Sociaal-emotionele faktoren
Bij alle plannen tot herziening van de bestuurlijke indeling moet niet alleen met planologische en sociaal-ekonomische maar ook met sociaal-emotionele faktoren rekening gehouden worden. De provincies van Nederland zijn eeuwenoud. Het waren vroeger autonome staten. De provinciegrenzen leven diep in het bewustzijn van de burgers. Ze worden op school de kinderen zo diep ingeprent, dat deze gaan geloven, dat het onwrikbare natuurlijke grenzen zijn.
Hoe diep de provinciegrenzen in het bewustzijn van de bevolking verankerd zijn moge blijken uit het volgende voorbeeld. Enkele jaren geleden nam ik deel aan een onderzoek van het Sociologisch Instituut van de Rijksuniversiteit te Utrecht in Belgisch en Nederlands Limburg. Tijdens dit onderzoek bleek, dat in Midden-Limburg door oudere mensen van bewoners van Noord-Limburg nog altijd gezegd wordt, dat zij ‘van de Gelderse kant komen’. Dit hangt samen met het feit, dat sommige delen van het tegenwoordige Noord-Limburg vroeger tot het zuiden van Gelderland behoorden. Dit is al een paar eeuwen geleden maar men is het kennelijk nog niet geheel vergeten.
Ook in andere landen spelen deze dingen een rol. In Frankrijk zijn de oude provincies nog altijd niet uit de herinnering van de bevolking verdwenen, ook al zijn ze sedert de dagen van de revolutie vervangen door departementen met geografische namen. Op 19 januari j.l. werden in twee gebieden van de Westduitse deelstaat Nedersaksen verkiezingen gehouden om vast te stellen of deze beide gebieden bij Nedersaksen zouden moeten blijven of zelfstandig dienen te worden. Het betrof het voormalige Hertogdom Oldenburg en het voormalige Vorstendom Schaumburg-Lippe. Onder de leuze ‘wat Napoleon, Bismarck en Hitler hebben laten voortbestaan mag ook de bondsrepubliek niet vernietigen’ spraken zich in Oldenburg 39,0 % en in Schaumburg 39,6 % van de kiezers uit voor autonomie. Dit is veel meer dan de Westduitse konstitutie voorschrijft (25 %) om de bondsdag te dwingen zich met de zaak bezig te houden en de ‘Landeszugehörigkeit’ van de beide gebieden opnieuw te regelen.
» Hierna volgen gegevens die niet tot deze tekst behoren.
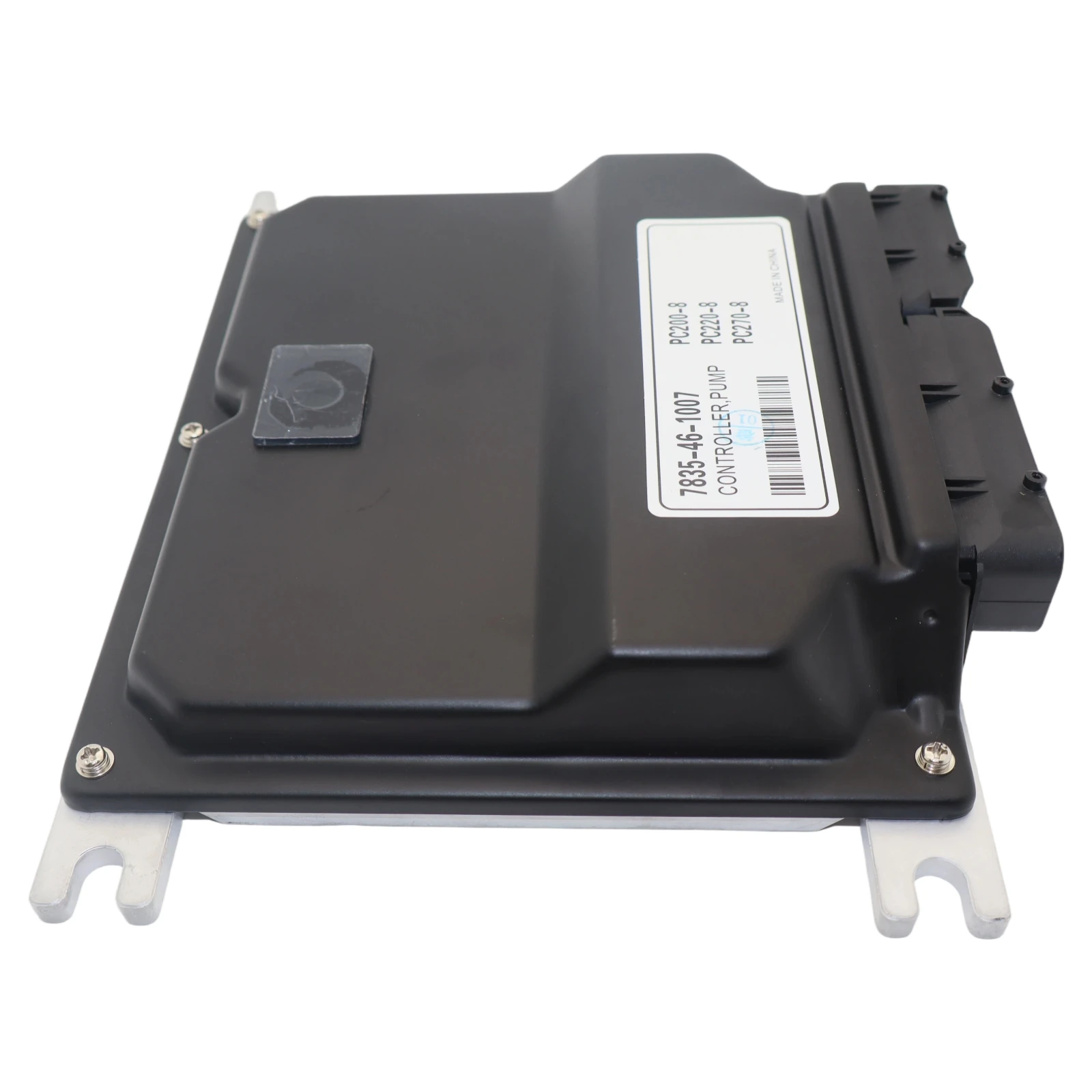 ECU Controller Control Panel Unit with Program 7835-46-1007 7835-46-1008 7835461008 Fits for Komatsu PC200-8 PC240-8 Excavator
Het is zonder meer duidelijk, dat de betrokken gebieden als afzonderlijke sociaal-ekonomische eenheden geen enkele perspektief bieden. Het ‘Volksentscheid’ is louter op sociaal-emotionele gronden gebaseerd. Het is volledig in strijd met de in de bondsrepubliek al geruime tijd cirkulerende plannen om uit planologische en politicologische overwegingen van Sleeswijk-Holstein, Nedersaksen, Bremen en Hamburg één bondsstaat te maken. Als Oldenburg en Schaumburg-Lippe al zo moeilijk liggen, welke politicus zal het dan wagen de autonomie van de oude Hanzesteden aan te pakken?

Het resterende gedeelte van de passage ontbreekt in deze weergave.